HELA: A novel hybrid ensemble learning algorithm for predicting academic performance of students


Keser S., Aghalarova S.

EDUCATION AND INFORMATION TECHNOLOGIES, cilt.27, sa.4, ss.4521-4552, 2022 (SSCI) identifier identifier

  • Yayın Türü: Makale / Tam Makale
  • Cilt numarası: 27 Sayı: 4
  • Basım Tarihi: 2022
  • Doi Numarası: 10.1007/s10639-021-10780-0
  • Dergi Adı: EDUCATION AND INFORMATION TECHNOLOGIES
  • Derginin Tarandığı İndeksler: Social Sciences Citation Index (SSCI), Scopus, Communication Abstracts, EBSCO Education Source, Educational research abstracts (ERA), ERIC (Education Resources Information Center), INSPEC
  • Sayfa Sayıları: ss.4521-4552
  • Anahtar Kelimeler: Educational data mining, Ensemble learning algorithm, Prediction of academic performance, Classification
  • Eskişehir Osmangazi Üniversitesi Adresli: Evet

Özet

Education plays a major role in the development of the consciousness of the whole society. Education has been improved by analyzing educational data related to student academic performance. By using data mining techniques and algorithms on data from the educational environment, students' performances can be predicted. In this study, a novel Hybrid Ensemble Learning Algorithm (HELA) is proposed to predict the academic performance of students. The prediction results obtained from base classifiers namely Gradient Boosting, Extreme Gradient Boosting, Light Gradient Boosting Machine, and different combinations of these algorithms are given as input to the Super Learner algorithm. Hyper-parameters of base classifiers are optimized with a Random Search algorithm.

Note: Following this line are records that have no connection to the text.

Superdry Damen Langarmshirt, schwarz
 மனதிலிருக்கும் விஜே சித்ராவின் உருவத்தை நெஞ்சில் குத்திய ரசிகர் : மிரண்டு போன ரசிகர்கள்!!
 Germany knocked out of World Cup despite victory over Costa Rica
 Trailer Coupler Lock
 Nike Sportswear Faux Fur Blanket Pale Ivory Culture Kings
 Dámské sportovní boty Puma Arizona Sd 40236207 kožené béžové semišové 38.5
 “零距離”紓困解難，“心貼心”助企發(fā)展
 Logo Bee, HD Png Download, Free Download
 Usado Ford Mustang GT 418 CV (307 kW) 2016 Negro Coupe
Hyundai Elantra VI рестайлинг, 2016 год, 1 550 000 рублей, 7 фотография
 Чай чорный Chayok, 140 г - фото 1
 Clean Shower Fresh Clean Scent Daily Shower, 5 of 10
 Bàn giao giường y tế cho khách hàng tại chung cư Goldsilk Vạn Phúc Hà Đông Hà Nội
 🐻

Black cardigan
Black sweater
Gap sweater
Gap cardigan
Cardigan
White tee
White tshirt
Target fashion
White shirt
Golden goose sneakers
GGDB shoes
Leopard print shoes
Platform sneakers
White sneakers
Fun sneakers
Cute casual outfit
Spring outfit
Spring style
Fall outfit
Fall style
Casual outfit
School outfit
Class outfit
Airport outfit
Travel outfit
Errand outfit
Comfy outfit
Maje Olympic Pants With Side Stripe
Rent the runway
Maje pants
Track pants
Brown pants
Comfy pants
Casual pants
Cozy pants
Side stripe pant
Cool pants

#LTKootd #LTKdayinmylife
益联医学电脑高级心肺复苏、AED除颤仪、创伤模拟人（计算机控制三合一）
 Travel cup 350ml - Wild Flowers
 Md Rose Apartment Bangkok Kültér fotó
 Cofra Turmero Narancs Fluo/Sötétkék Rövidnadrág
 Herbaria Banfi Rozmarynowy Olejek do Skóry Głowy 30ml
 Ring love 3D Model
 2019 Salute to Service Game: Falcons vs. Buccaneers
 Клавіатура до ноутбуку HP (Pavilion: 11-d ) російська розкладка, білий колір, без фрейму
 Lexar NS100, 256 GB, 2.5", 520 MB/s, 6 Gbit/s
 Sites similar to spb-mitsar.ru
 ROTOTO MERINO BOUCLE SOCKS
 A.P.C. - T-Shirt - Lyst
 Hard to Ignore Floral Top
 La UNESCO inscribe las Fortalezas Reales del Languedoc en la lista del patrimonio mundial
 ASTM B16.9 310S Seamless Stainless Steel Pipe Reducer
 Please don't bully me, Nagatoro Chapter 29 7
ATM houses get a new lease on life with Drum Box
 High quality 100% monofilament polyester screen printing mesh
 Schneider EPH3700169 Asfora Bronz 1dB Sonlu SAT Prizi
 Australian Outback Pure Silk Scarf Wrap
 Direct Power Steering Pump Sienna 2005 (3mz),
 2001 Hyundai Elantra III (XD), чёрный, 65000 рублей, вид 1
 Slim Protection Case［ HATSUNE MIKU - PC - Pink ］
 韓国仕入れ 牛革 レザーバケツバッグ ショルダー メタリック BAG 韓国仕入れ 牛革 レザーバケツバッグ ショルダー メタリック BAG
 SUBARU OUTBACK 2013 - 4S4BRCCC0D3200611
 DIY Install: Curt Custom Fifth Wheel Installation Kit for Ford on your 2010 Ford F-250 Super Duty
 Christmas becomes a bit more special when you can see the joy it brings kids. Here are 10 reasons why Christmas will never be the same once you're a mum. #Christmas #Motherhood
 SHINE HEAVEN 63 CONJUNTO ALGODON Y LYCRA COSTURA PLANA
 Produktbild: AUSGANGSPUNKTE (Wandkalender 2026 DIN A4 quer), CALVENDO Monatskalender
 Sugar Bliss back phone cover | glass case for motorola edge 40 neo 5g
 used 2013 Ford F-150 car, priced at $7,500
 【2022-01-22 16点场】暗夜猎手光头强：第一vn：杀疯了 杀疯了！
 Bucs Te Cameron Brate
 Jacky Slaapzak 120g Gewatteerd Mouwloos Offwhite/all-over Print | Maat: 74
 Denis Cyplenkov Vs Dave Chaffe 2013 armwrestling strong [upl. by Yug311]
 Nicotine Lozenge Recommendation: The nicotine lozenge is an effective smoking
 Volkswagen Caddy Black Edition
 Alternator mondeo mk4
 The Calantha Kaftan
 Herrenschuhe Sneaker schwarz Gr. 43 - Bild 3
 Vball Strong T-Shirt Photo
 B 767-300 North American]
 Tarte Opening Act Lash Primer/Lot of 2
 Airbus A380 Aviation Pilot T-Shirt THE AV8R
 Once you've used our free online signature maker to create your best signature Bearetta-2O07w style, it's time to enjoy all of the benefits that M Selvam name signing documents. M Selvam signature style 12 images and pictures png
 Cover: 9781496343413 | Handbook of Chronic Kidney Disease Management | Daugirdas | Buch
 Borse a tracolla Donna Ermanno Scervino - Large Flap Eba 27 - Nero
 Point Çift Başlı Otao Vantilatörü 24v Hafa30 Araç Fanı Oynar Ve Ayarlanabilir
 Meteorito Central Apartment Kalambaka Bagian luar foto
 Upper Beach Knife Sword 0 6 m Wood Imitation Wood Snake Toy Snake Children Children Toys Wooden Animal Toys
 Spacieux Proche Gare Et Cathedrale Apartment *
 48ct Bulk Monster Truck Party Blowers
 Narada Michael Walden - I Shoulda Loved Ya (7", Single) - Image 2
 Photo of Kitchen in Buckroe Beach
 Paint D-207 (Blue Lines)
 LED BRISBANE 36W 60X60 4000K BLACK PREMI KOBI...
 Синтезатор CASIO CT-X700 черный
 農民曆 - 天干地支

Students' performances in Math and Portuguese classes are predicted by the proposed algorithm. In the experimental results, 96.6% and 91.2% accuracy values are obtained for the Mathematics course, and the Portuguese course, respectively. This paper is the first study, to our knowledge, to integrate the boosting and stacking-based ensemble learning algorithm for the prediction of students' academic performance that gives better predictive results with high efficiency.